* [Provided data]
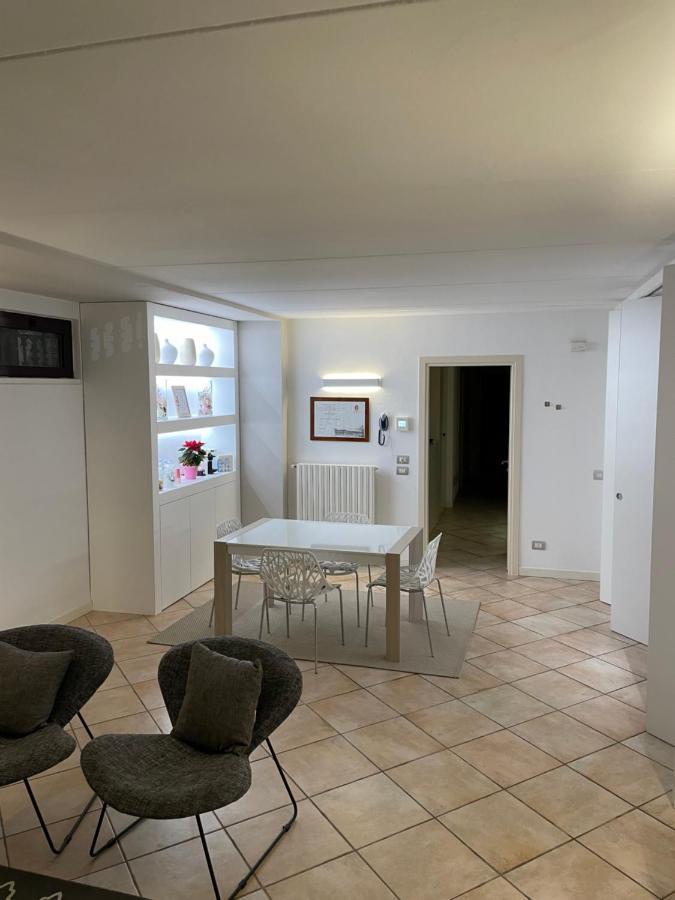Villa Maddalena Ome Bagian luar foto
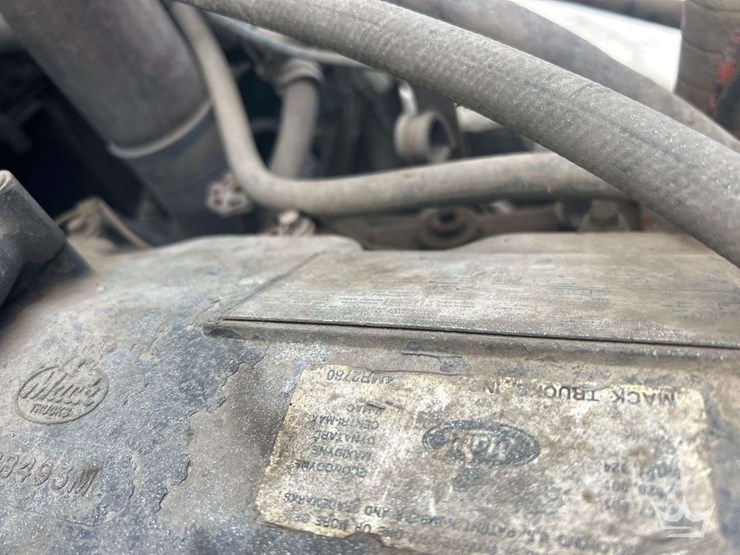 1998-mack-dm690s-image-10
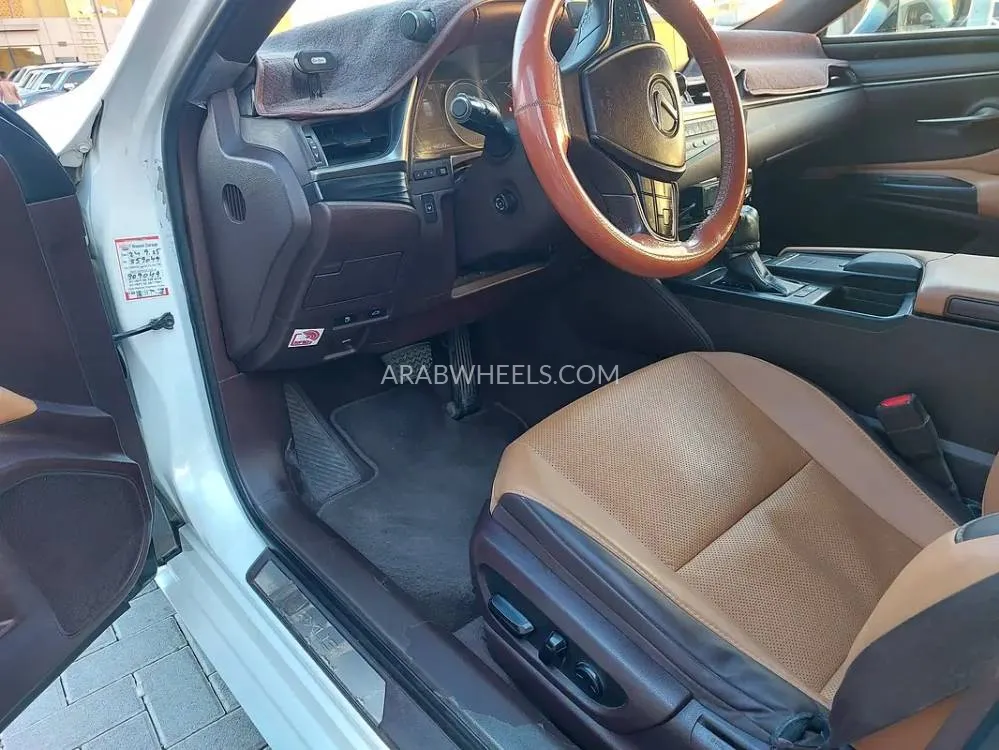 Lexus ES 2019 for Sale in Sharjah Image-18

* [Assigned task] A word-for-word copy of the data, without its pictures, is what is needed.

* [Task response]
Villa Maddalena Ome Bagian luar foto
 1998-mack-dm690s-image-10
 Lexus ES 2019 for Sale in Sharjah Image-18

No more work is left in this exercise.